Class DataFrameJoiner


  • public class DataFrameJoiner
    extends AbstractJoiner
    Implements joins between two or more Tables
    • Constructor Detail

      • DataFrameJoiner

        public DataFrameJoiner​(Table table,
                               String... leftJoinColumnNames)
        Constructor.
        Parameters:
        table - The table to join on.
        leftJoinColumnNames - The join column names in that table to be used. These names also serve as the default for the second table, unless other names are explicitly provided.
    • Method Detail

      • type

        public DataFrameJoiner type​(JoinType joinType)
        Sets the type of join, which defaults to INNER if not provided.
        Specified by:
        type in class AbstractJoiner
        Parameters:
        joinType - The type of join to perform (INNER, LEFT_OUTER, RIGHT_OUTER, FULL_OUTER)
        Returns:
        This joiner object.
      • keepAllJoinKeyColumns

        public DataFrameJoiner keepAllJoinKeyColumns​(boolean keep)
        When the argument is true, the join columns of the second (and subsequent) tables are included in the results, even when they're identical in name and data with the first join table. When false, only one set of join columns is retained in the result.

        Note that if the second (or any subsequent) table has the same join column names as the first (or any prior) table, the same scheme used for non-join columns is used, and each column with a duplicate name gets a prefix of "Tn." where n is the number of the table in the join.

        If this method is not called, the default is false

        Specified by:
        keepAllJoinKeyColumns in class AbstractJoiner
        Parameters:
        keep - true or false
        Returns:
        this DataFrameJoiner instance
      • allowDuplicateColumnNames

        public DataFrameJoiner allowDuplicateColumnNames​(boolean allow)
        if false the join will fail if any columns other than the join column have the same name; if true the join will succeed and duplicate columns are renamed and included in the results. Specifically, the renamed columns are given a are give a prefix and the prefix used is "Tn." where n is the number of the table in the join. The second table is (T2.column_name), for example.
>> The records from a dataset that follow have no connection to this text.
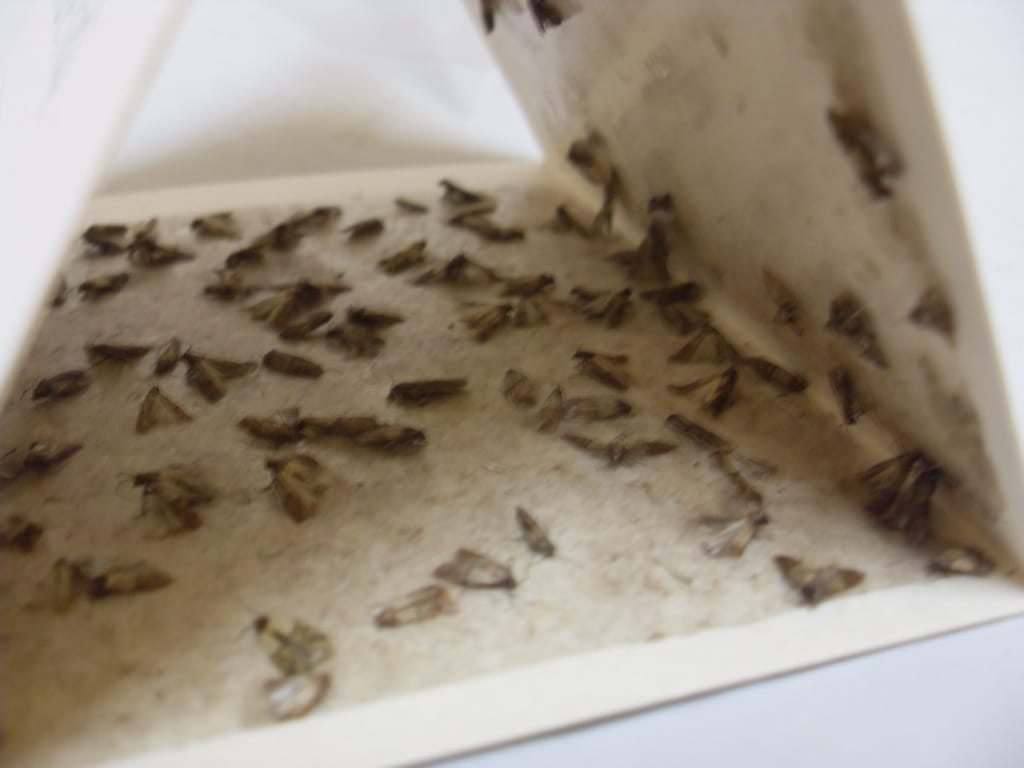 Pro-Pest Pheronet Pantry Moth and Beetle Trap - 1 Trap Pro-Pest Pheronet Pantry Moth and Beetle Trap - 1 Trap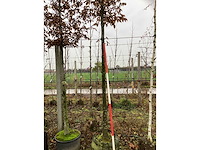 Haagbeuk - vormboom (2x) - afbeelding 3 van  3
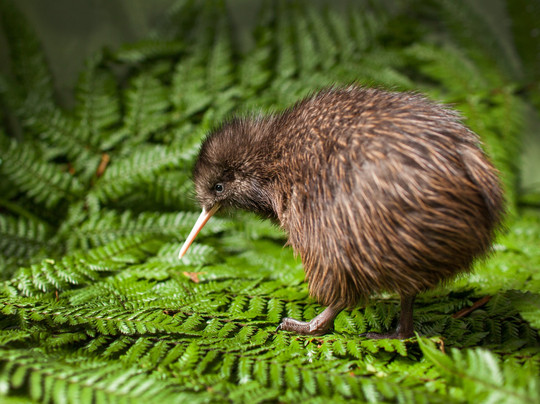 彩虹泉自然公园-罗托鲁瓦必去景点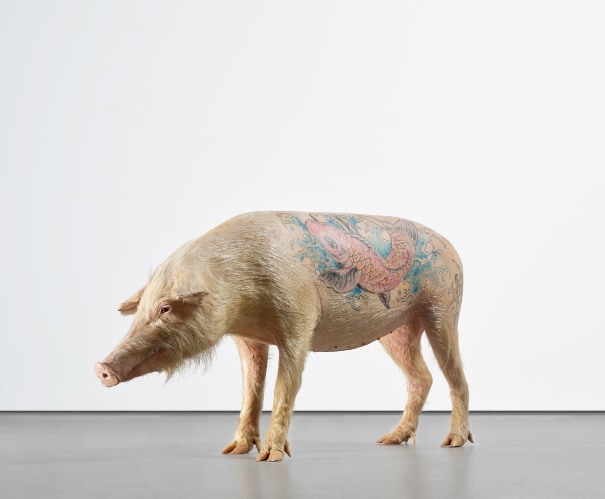 Vladimir (Le Cochon) by Wim Delvoye, Executed in 2000-2001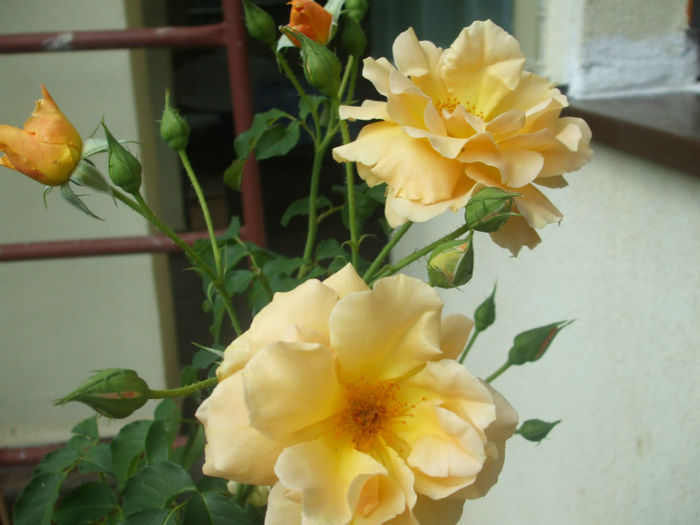 Goldener Olymp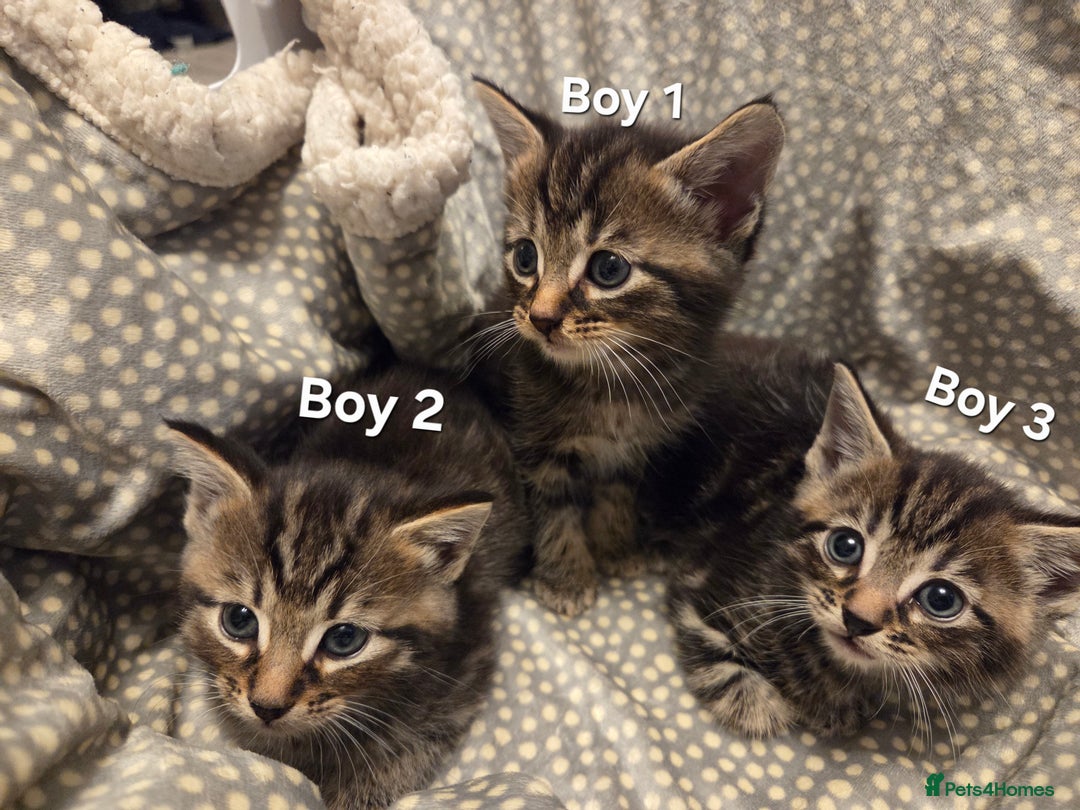 Mixed Breed cats for sale: 5 Adorable Kittens Ready for New Homes! - Image 5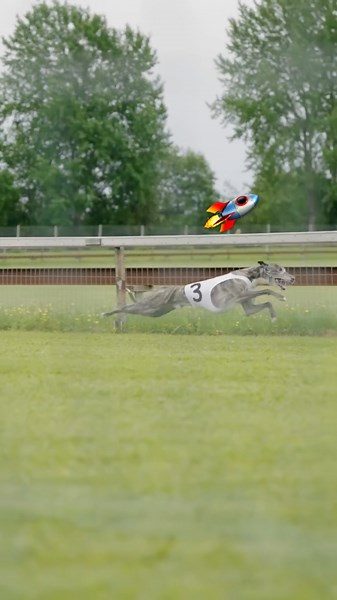 Greyhound Racing Full Speed! 🚀💨#greyhound #greyhoundracing #dogracing #racing #shorts #sports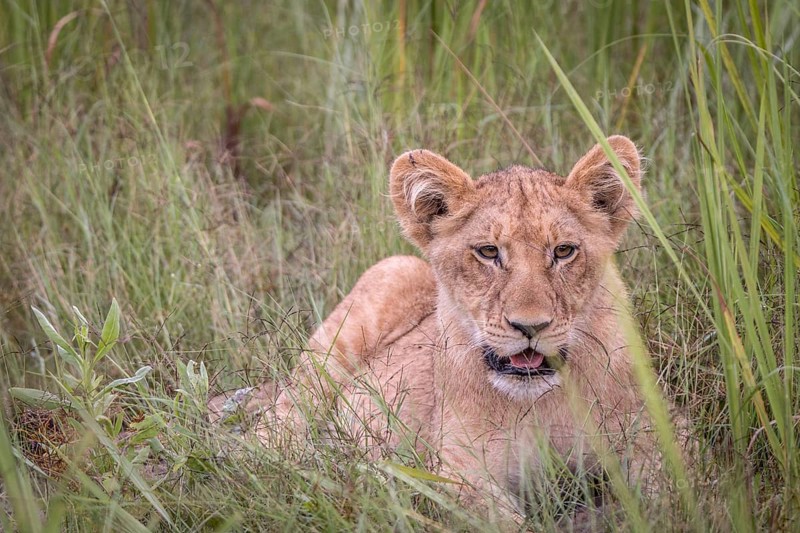 A Lion cub relaxing in the grass in the Okavango Delta, Botswana, Africa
        See also keepAllJoinKeyColumns(boolean) to determine whether to retain the join columns from the second table

        Specified by:
        allowDuplicateColumnNames in class AbstractJoiner
        Parameters:
        allow - true, if columns with duplicate names are to be retained; false otherwise. Default is false
        Returns:
        this DataFrameJoiner instance
      • rightJoinColumns

        public DataFrameJoiner rightJoinColumns​(String... rightJoinColumnNames)
        The names of the columns to be joined on in the second (right) table. If this method is not called, they default to the names used for the left table.
        Specified by:
        rightJoinColumns in class AbstractJoiner
        Parameters:
        rightJoinColumnNames - The names to be used
        Returns:
        This DataFrameJoiner instance
      • with

        public DataFrameJoiner with​(Table... tables)
        The table or tables to be used on the right side of the join. If more than one table is provided, the join is executed repeatedly, merging the next right table with the prior results
        Specified by:
        with in class AbstractJoiner
        Parameters:
        tables - The table or tables to be used on the right side
        Returns:
        This DataFrameJoiner instance
      • join

        public Table join()
        Performs the actual join and returns the results
        Specified by:
        join in class AbstractJoiner
        Returns:
        The combined table